| Exercise instructions |
Pictures appear among the records below and must be omitted. Repeat exactly the lines from the line with "yayakels's profile picture." to the line with "Landings/Timber Lakes - Residential", both included.

| Entries shown |

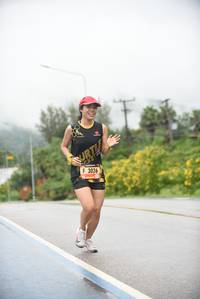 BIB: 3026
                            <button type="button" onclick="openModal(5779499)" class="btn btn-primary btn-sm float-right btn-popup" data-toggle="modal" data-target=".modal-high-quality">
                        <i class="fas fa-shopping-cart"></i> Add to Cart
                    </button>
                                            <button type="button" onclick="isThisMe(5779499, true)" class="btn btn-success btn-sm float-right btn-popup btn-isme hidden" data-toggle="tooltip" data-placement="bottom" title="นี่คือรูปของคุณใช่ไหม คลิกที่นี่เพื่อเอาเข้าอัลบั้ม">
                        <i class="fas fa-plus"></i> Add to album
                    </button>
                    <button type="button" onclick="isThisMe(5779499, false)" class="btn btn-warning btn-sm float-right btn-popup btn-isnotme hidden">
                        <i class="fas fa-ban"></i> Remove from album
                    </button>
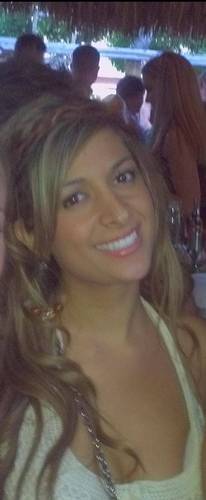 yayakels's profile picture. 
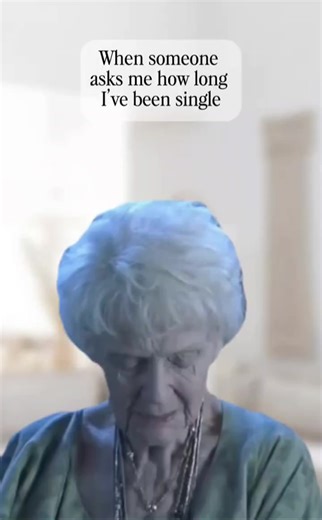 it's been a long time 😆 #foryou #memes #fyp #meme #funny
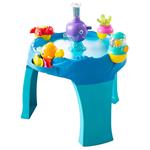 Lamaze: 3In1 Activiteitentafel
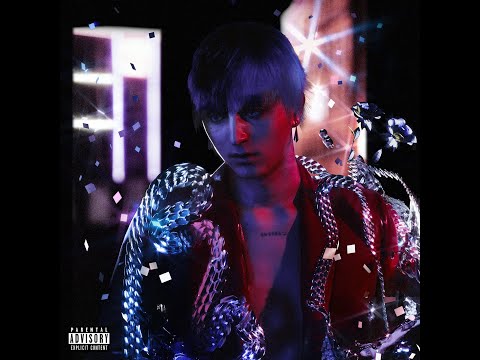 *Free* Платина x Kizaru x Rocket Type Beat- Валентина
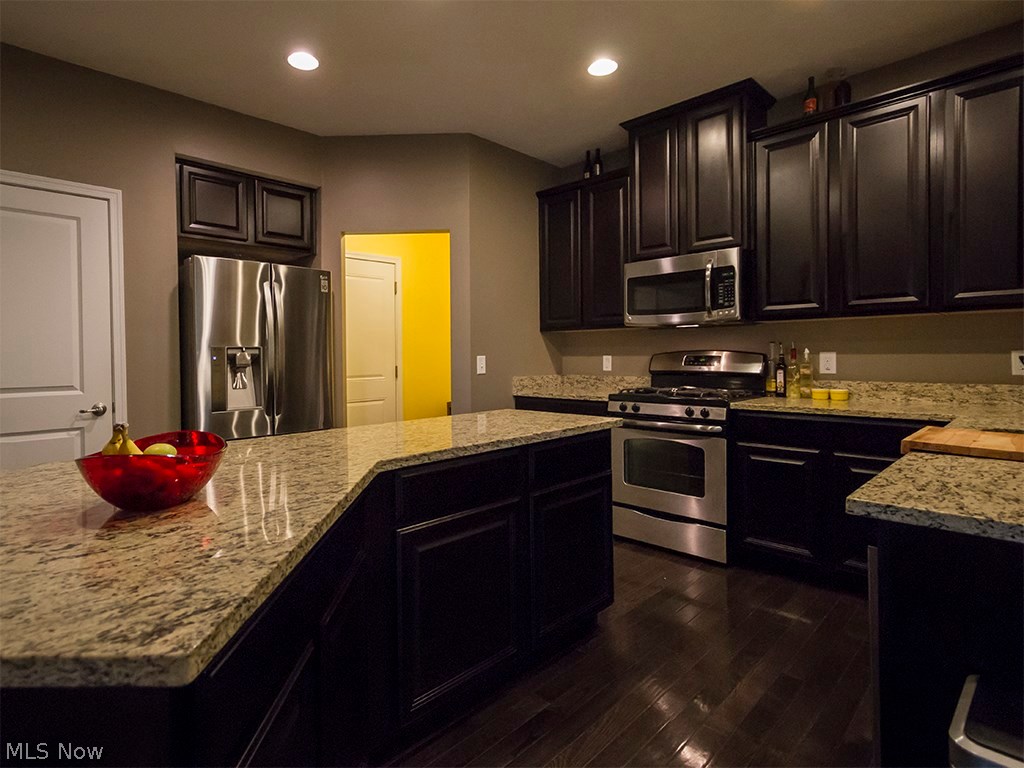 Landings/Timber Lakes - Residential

...

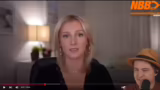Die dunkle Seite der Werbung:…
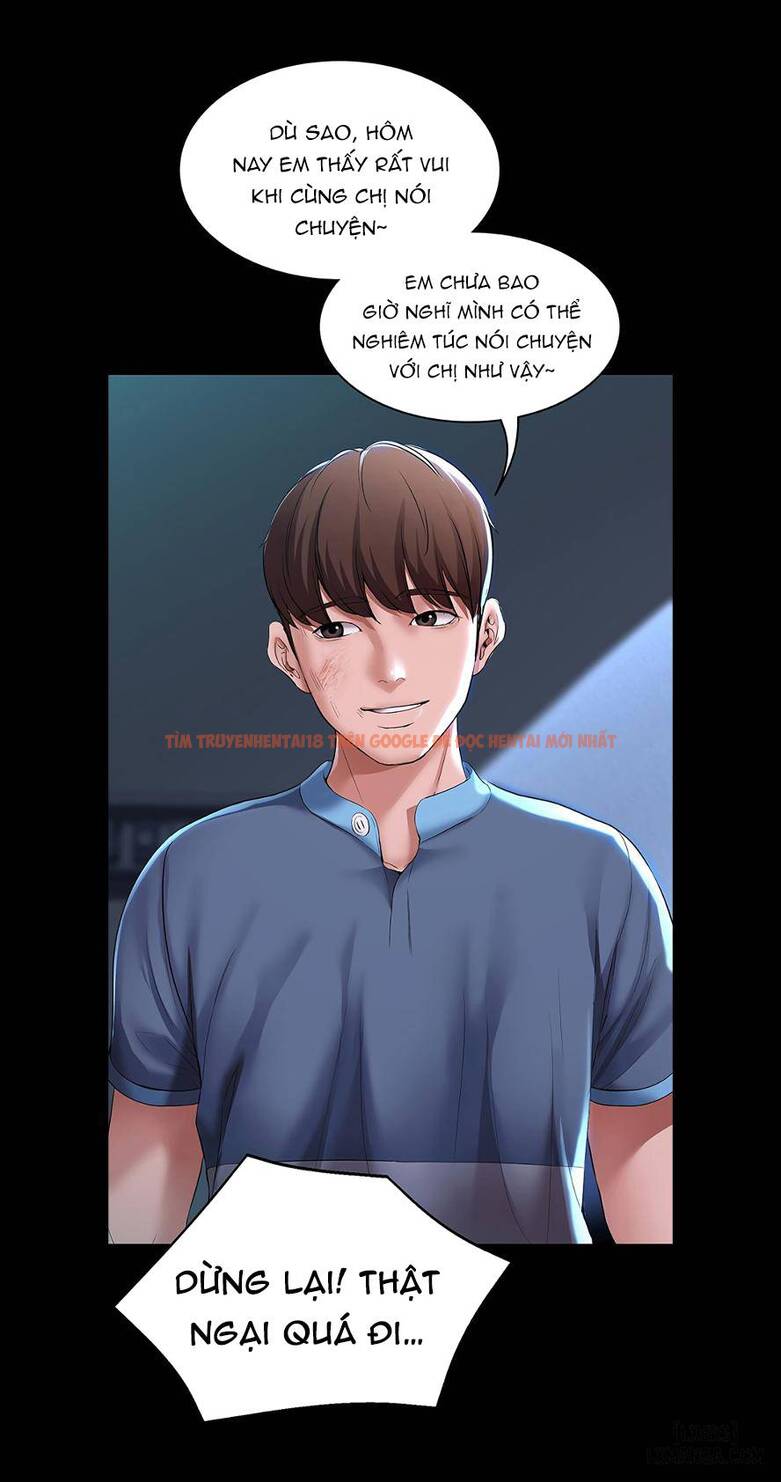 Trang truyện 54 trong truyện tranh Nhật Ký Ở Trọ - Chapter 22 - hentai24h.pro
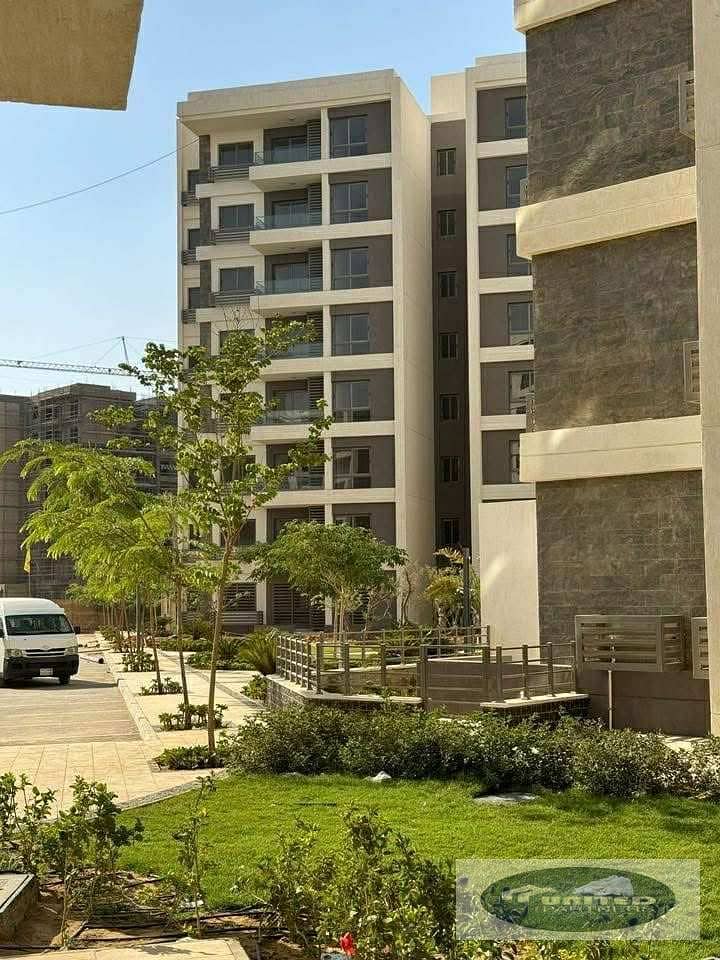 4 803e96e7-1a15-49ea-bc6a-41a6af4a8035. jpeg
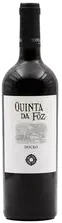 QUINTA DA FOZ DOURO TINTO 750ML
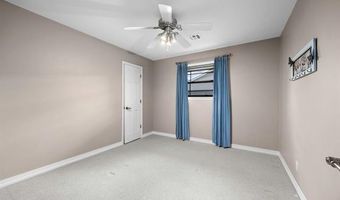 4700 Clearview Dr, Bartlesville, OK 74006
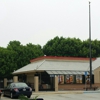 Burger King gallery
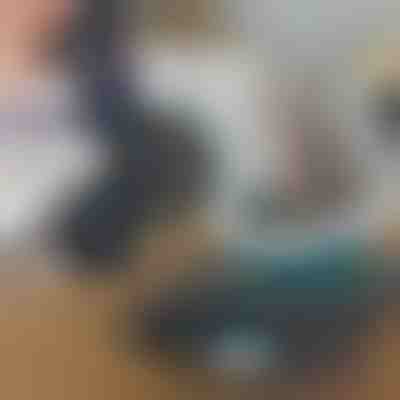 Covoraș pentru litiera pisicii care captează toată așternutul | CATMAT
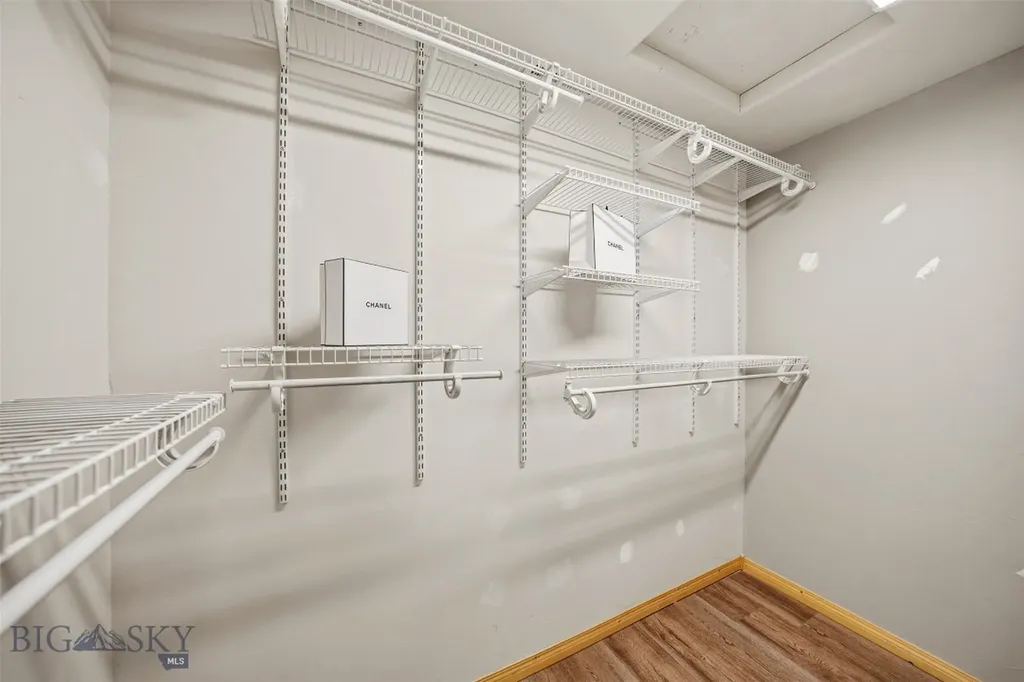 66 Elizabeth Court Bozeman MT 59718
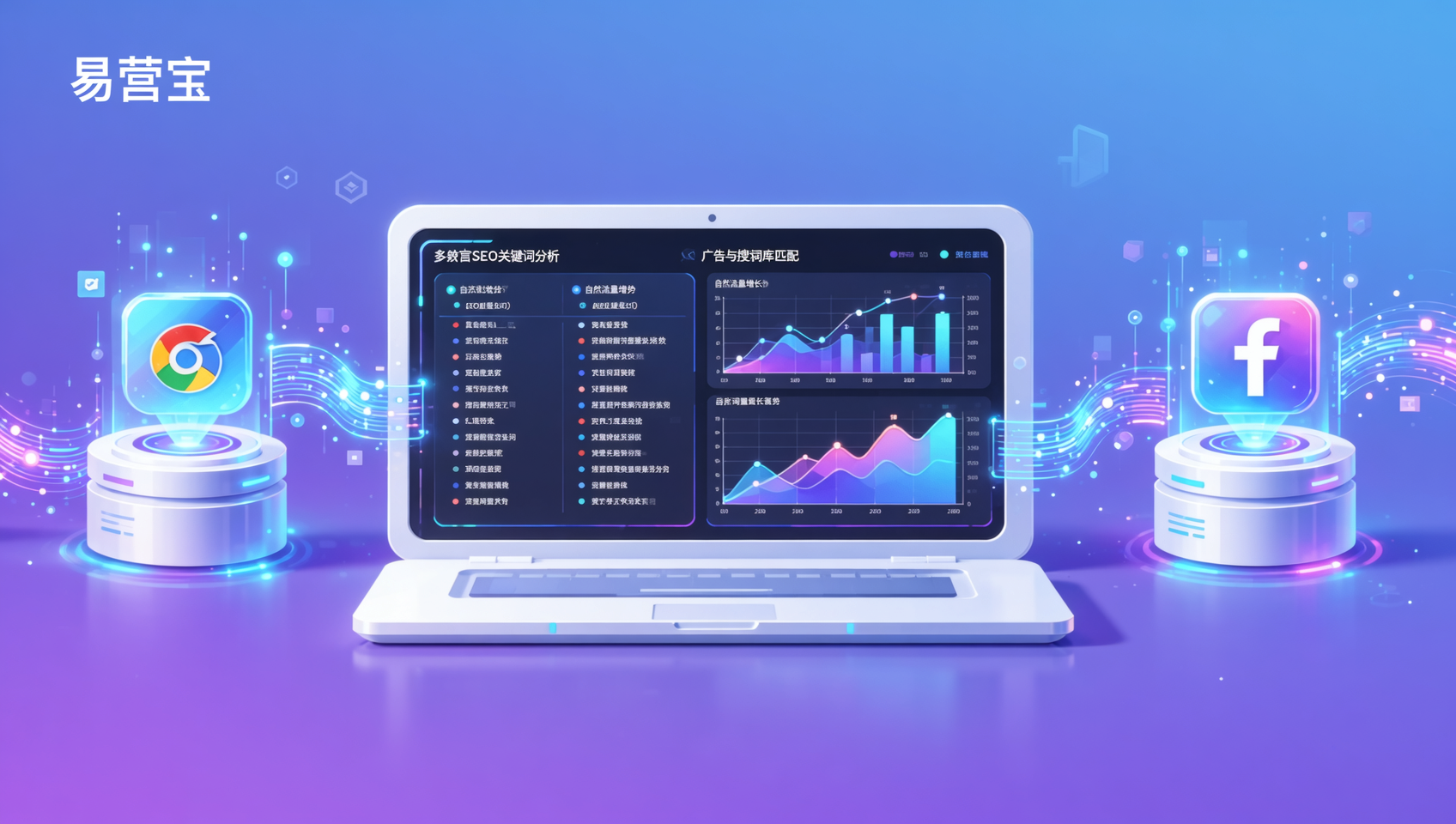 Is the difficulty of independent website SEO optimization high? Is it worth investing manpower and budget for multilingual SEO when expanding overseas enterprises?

---

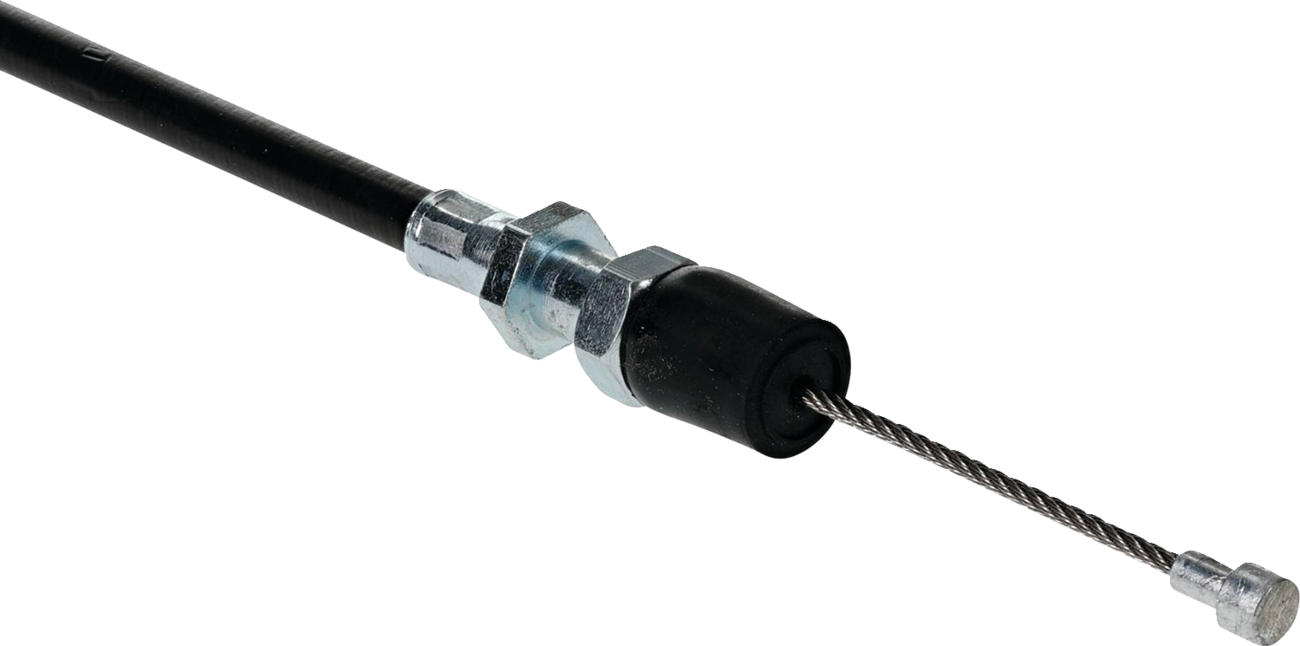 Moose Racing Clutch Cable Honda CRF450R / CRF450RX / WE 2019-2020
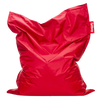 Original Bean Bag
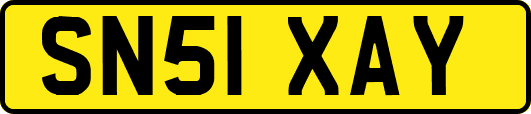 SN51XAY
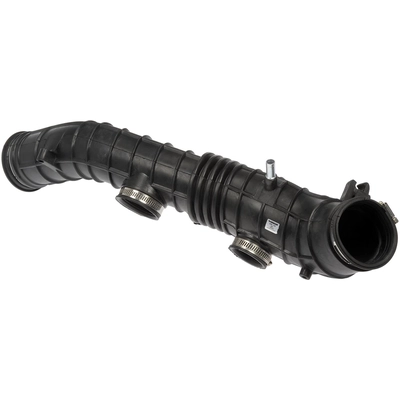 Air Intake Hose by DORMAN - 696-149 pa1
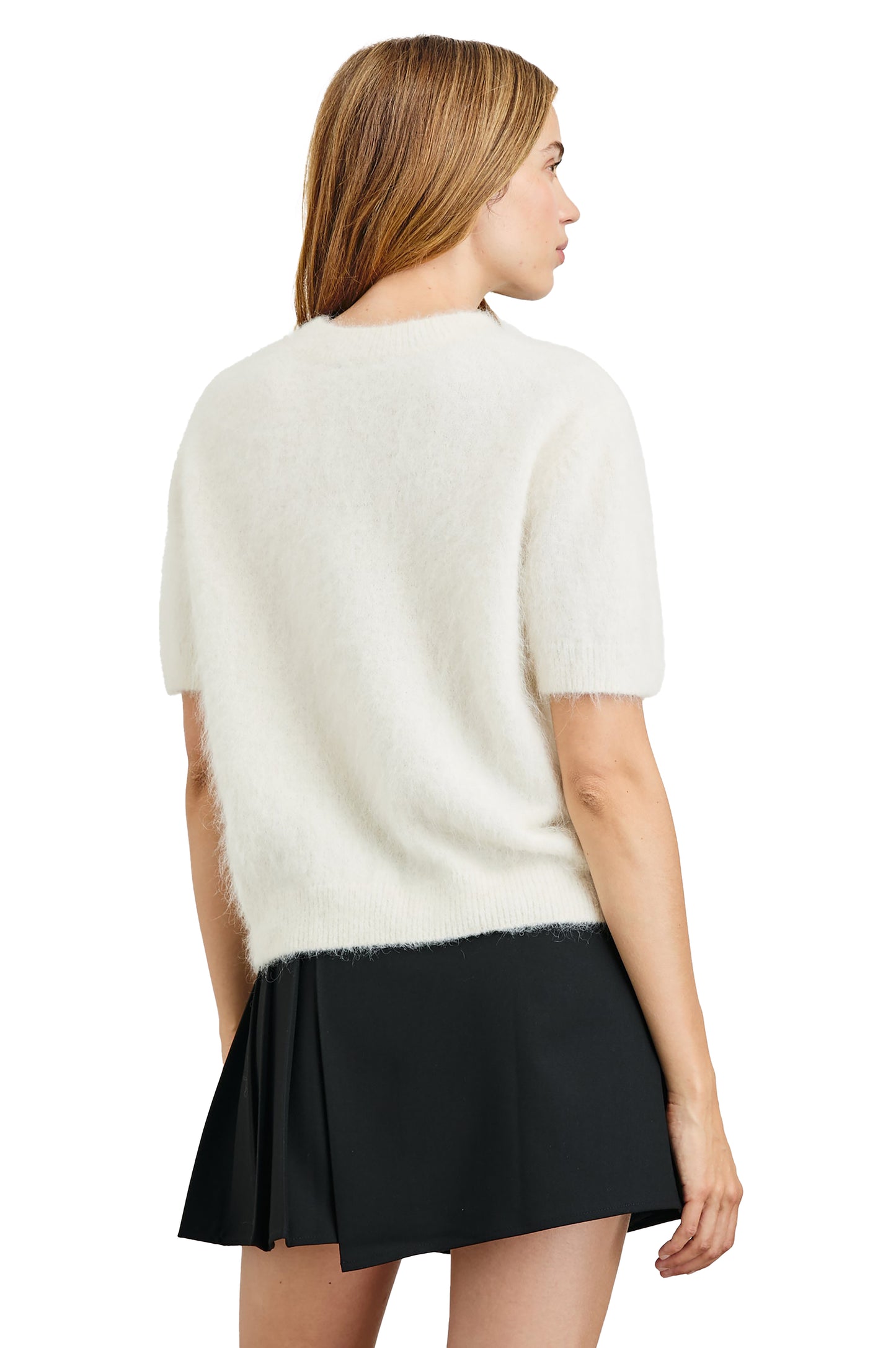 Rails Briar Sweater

| Reply to the exercise |
 yayakels's profile picture. 
 it's been a long time 😆 #foryou #memes #fyp #meme #funny
 Lamaze: 3In1 Activiteitentafel
 *Free* Платина x Kizaru x Rocket Type Beat- Валентина
 Landings/Timber Lakes - Residential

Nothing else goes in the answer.